YOUR GOAL -> Output only the lines from the line holding "Hydia 9-10MM 925" through the close of the records, exactly as they appear, with all pictures omitted.

EXTRACTED ENTRIES ->
BEGIN

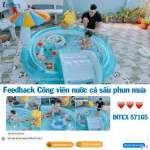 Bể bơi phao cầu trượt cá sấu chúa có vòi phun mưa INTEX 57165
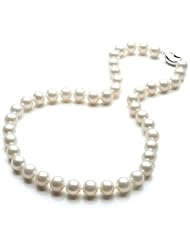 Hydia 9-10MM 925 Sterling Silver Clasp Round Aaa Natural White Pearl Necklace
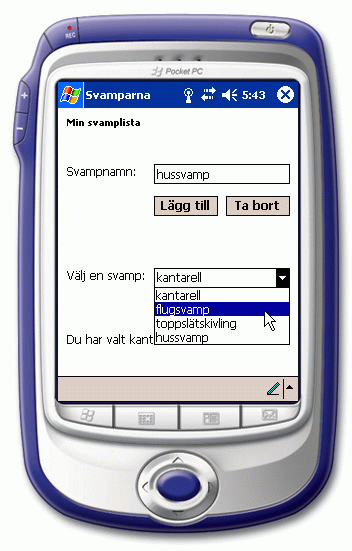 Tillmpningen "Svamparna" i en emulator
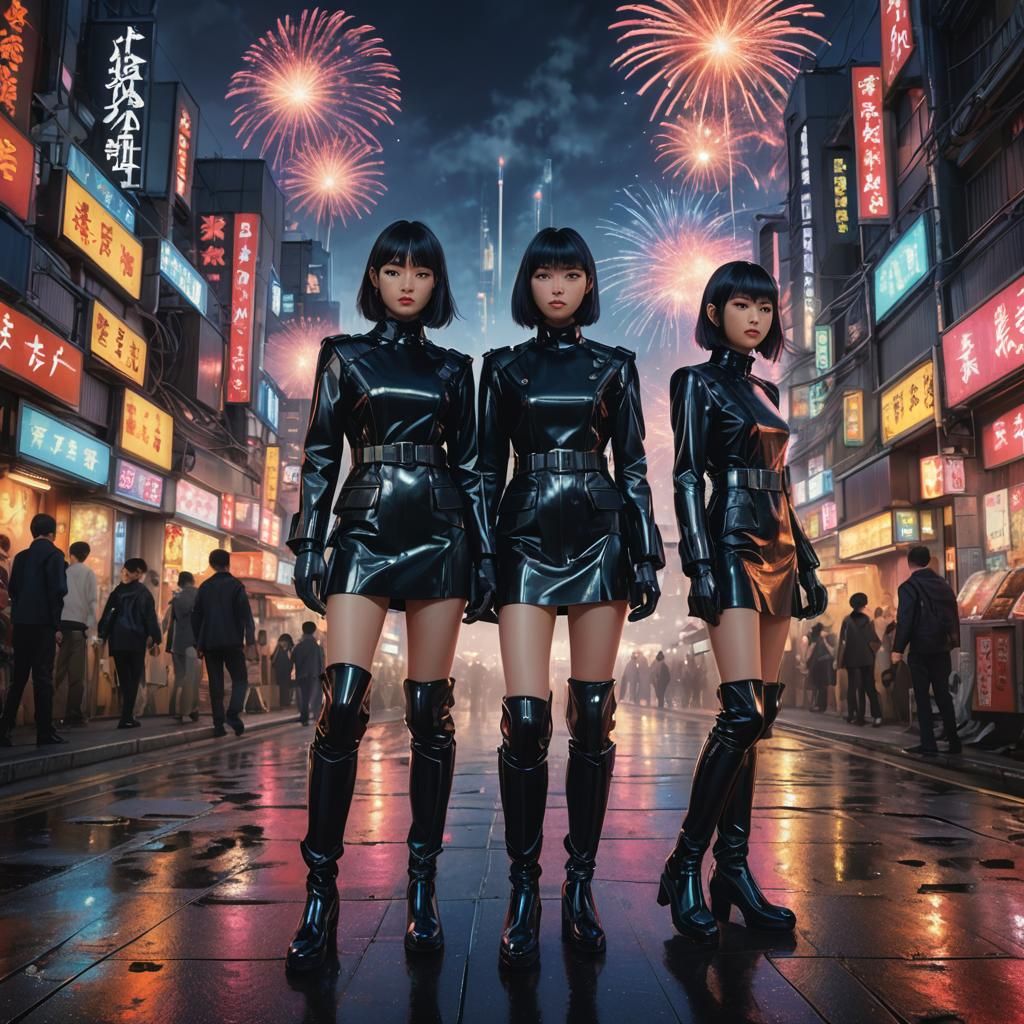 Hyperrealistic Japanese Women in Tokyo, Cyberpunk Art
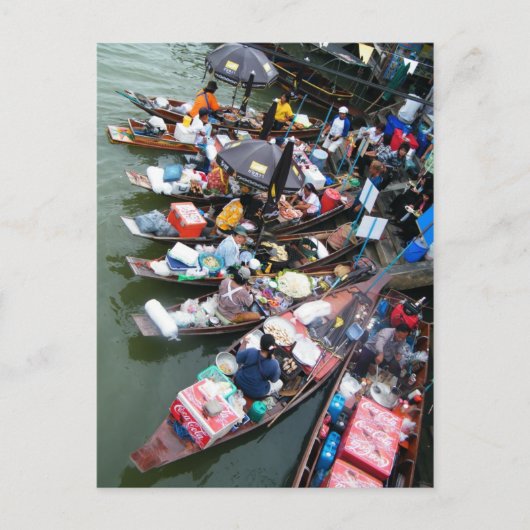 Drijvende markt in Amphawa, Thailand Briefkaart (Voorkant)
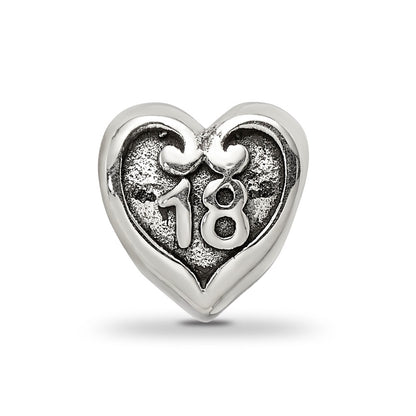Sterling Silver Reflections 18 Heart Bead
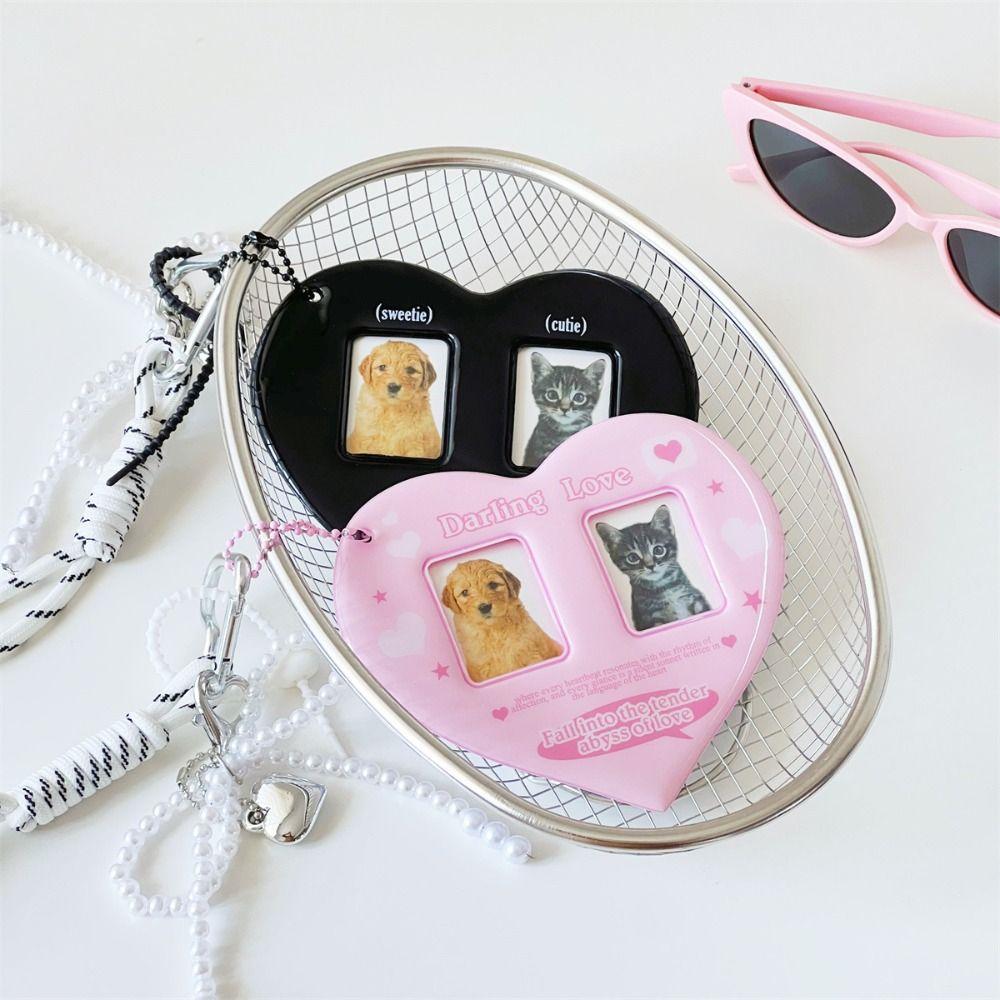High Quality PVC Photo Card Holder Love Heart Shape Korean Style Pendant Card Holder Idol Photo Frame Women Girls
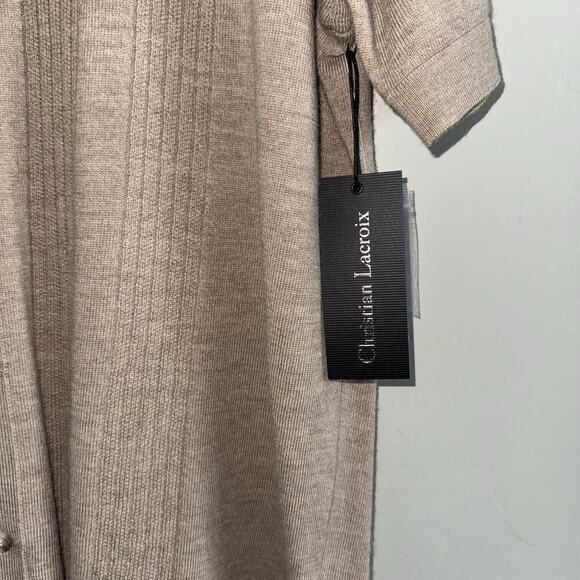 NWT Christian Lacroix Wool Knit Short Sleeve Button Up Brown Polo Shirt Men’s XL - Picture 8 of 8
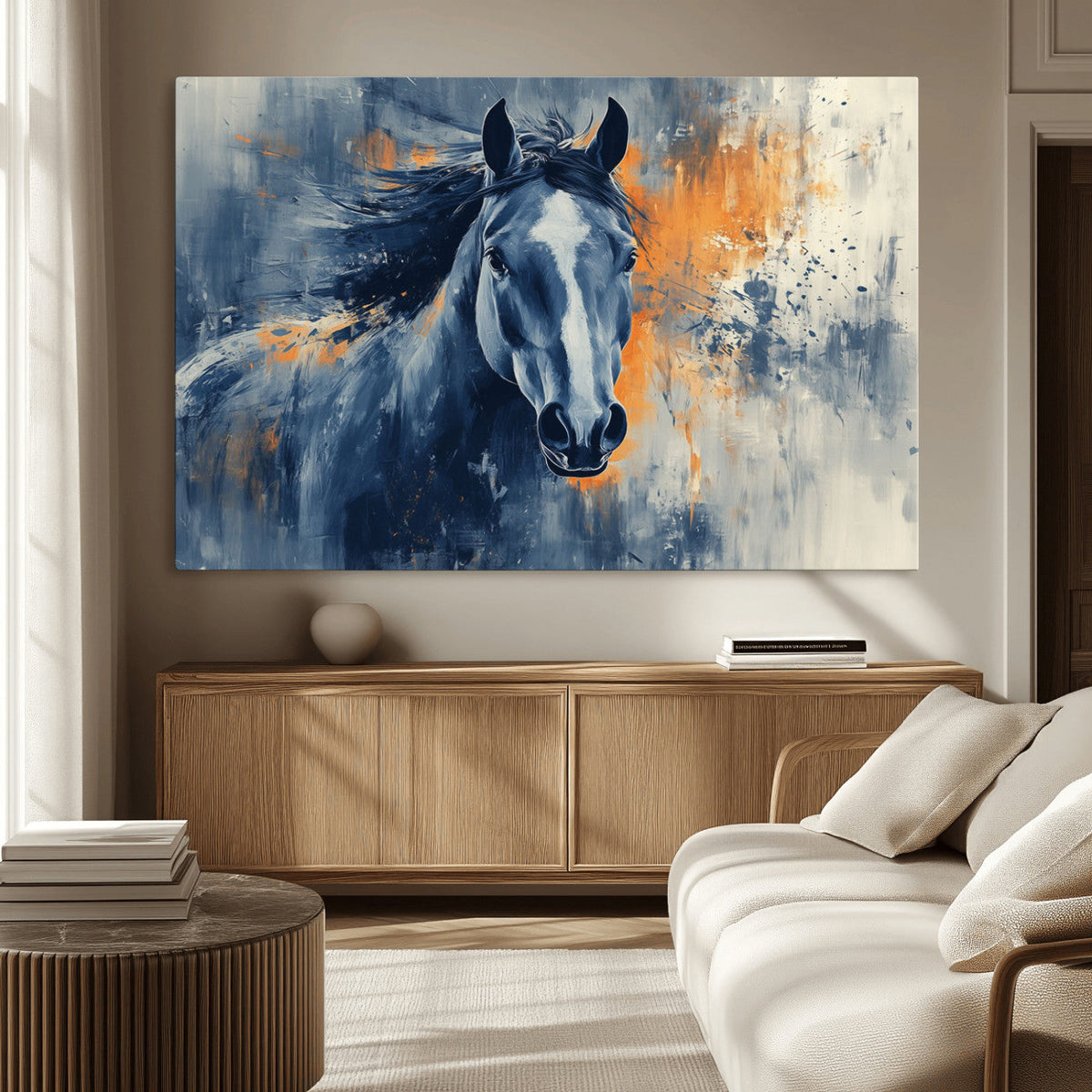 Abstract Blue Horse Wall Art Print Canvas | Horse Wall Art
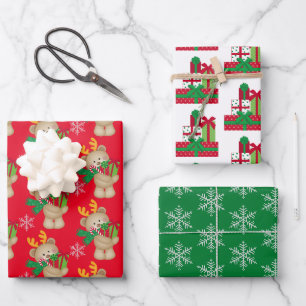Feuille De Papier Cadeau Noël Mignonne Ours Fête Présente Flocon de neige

END

EXPECTED ANSWER ->
 Hydia 9-10MM 925 Sterling Silver Clasp Round Aaa Natural White Pearl Necklace
 Tillmpningen "Svamparna" i en emulator
 Hyperrealistic Japanese Women in Tokyo, Cyberpunk Art
 Drijvende markt in Amphawa, Thailand Briefkaart (Voorkant)
Sterling Silver Reflections 18 Heart Bead
High Quality PVC Photo Card Holder Love Heart Shape Korean Style Pendant Card Holder Idol Photo Frame Women Girls
 NWT Christian Lacroix Wool Knit Short Sleeve Button Up Brown Polo Shirt Men’s XL - Picture 8 of 8
 Abstract Blue Horse Wall Art Print Canvas | Horse Wall Art
Feuille De Papier Cadeau Noël Mignonne Ours Fête Présente Flocon de neige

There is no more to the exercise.